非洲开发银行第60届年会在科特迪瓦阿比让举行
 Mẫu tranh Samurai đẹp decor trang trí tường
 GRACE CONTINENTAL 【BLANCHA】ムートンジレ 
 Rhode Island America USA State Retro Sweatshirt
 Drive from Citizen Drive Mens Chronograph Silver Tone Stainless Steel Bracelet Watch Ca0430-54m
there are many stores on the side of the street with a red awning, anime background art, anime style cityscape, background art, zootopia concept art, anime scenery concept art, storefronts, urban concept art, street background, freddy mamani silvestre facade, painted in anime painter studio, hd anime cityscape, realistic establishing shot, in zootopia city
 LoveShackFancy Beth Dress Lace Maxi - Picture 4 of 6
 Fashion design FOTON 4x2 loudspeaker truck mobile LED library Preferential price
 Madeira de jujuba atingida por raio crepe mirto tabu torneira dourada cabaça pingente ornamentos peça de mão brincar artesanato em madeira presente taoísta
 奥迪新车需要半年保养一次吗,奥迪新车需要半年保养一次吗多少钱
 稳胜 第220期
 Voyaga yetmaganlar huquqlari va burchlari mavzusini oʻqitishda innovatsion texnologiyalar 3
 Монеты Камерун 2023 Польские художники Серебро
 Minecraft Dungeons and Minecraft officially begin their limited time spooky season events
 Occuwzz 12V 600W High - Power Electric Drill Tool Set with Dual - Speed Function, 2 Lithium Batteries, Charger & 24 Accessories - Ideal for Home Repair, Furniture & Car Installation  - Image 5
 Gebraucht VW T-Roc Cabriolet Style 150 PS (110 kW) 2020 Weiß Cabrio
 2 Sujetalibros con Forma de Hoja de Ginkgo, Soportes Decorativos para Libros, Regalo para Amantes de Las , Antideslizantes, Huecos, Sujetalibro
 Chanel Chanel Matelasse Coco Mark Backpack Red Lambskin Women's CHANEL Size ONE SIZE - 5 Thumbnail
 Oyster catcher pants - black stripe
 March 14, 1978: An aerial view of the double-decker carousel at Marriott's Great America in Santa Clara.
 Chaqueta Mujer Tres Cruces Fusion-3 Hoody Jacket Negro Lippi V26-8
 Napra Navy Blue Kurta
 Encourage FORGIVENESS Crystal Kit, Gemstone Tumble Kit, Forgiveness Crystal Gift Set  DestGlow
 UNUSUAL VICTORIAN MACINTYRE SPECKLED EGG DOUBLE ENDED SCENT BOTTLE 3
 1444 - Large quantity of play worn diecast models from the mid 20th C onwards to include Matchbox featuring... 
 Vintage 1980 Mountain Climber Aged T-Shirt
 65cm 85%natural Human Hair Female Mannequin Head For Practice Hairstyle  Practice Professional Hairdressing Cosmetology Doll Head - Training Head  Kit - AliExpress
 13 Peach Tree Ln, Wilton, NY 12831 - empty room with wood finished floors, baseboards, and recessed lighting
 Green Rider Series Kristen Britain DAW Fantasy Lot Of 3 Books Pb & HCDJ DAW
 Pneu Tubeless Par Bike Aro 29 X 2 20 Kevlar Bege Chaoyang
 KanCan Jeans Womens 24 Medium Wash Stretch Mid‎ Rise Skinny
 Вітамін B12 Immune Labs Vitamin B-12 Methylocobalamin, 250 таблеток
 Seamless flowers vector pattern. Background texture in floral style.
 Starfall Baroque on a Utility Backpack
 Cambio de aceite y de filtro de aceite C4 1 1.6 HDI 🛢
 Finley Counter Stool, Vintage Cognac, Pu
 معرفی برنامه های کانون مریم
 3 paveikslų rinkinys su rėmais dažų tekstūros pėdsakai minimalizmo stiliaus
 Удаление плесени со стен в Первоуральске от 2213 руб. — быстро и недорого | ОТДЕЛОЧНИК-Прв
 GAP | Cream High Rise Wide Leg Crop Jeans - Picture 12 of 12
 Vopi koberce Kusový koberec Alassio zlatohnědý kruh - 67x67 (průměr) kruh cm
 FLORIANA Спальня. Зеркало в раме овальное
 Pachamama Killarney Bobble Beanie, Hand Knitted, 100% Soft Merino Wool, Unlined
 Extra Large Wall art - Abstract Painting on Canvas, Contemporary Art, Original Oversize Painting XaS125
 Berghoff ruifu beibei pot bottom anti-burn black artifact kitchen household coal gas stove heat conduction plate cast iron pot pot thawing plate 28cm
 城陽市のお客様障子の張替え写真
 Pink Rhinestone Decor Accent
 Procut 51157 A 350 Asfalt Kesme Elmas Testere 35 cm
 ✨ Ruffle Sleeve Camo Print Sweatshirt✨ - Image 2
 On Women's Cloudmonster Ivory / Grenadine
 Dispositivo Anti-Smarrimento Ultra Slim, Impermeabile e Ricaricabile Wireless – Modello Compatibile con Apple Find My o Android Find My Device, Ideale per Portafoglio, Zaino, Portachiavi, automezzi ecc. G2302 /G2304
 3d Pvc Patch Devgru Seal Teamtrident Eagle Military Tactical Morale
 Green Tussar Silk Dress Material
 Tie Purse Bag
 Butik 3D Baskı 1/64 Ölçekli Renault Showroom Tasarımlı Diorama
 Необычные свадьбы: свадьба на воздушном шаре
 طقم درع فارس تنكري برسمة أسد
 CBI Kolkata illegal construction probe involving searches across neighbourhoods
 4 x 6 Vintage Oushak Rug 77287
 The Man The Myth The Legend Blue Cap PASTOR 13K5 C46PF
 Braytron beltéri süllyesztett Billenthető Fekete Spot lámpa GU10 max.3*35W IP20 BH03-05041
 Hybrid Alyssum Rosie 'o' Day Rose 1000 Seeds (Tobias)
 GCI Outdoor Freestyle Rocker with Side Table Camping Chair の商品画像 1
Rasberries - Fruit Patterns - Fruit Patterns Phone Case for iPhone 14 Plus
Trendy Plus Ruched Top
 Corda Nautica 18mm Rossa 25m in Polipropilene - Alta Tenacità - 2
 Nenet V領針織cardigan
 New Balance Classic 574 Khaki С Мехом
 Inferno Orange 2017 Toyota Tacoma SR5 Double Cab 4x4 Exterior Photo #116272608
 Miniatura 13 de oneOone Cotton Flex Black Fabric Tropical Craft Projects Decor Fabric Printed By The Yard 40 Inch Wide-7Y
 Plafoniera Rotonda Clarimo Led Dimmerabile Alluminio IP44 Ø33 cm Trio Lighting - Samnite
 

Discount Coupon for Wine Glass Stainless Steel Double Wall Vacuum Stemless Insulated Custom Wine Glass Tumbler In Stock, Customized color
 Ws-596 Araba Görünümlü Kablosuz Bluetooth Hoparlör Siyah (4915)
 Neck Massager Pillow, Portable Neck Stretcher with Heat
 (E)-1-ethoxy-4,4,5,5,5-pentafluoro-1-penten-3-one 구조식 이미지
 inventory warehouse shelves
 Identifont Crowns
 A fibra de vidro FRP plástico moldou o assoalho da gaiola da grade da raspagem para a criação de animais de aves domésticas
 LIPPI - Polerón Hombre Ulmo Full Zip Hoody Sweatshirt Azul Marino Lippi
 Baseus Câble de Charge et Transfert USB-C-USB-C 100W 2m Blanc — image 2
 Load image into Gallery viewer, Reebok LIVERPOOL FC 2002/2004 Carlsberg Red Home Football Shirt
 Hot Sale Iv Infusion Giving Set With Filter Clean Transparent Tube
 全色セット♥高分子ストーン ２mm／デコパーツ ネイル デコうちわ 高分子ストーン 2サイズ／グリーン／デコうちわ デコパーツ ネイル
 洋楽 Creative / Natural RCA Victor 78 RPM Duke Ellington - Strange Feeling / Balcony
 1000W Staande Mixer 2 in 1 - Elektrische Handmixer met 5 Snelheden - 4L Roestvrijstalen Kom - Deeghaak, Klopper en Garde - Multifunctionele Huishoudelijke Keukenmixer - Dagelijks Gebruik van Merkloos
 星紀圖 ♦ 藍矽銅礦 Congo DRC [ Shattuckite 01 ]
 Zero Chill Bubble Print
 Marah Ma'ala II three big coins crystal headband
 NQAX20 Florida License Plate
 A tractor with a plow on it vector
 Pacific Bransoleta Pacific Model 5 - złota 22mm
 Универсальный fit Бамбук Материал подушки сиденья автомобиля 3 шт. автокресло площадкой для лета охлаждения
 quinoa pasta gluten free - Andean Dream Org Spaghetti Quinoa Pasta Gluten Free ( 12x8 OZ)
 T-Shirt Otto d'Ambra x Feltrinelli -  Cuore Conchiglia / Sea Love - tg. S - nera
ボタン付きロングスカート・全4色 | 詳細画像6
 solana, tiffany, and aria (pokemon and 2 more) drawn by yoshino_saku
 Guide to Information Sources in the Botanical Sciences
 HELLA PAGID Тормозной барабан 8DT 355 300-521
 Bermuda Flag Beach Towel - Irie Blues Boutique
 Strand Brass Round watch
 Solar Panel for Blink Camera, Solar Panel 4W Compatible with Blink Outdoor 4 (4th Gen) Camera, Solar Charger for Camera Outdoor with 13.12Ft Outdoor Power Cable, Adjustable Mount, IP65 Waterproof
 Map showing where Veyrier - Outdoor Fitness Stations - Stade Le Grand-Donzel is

+--

**Your task:** Where a line contains the word "Hoody", copy that line from the listing above.

**Solution to this task:**
 Chaqueta Mujer Tres Cruces Fusion-3 Hoody Jacket Negro Lippi V26-8
 LIPPI - Polerón Hombre Ulmo Full Zip Hoody Sweatshirt Azul Marino Lippi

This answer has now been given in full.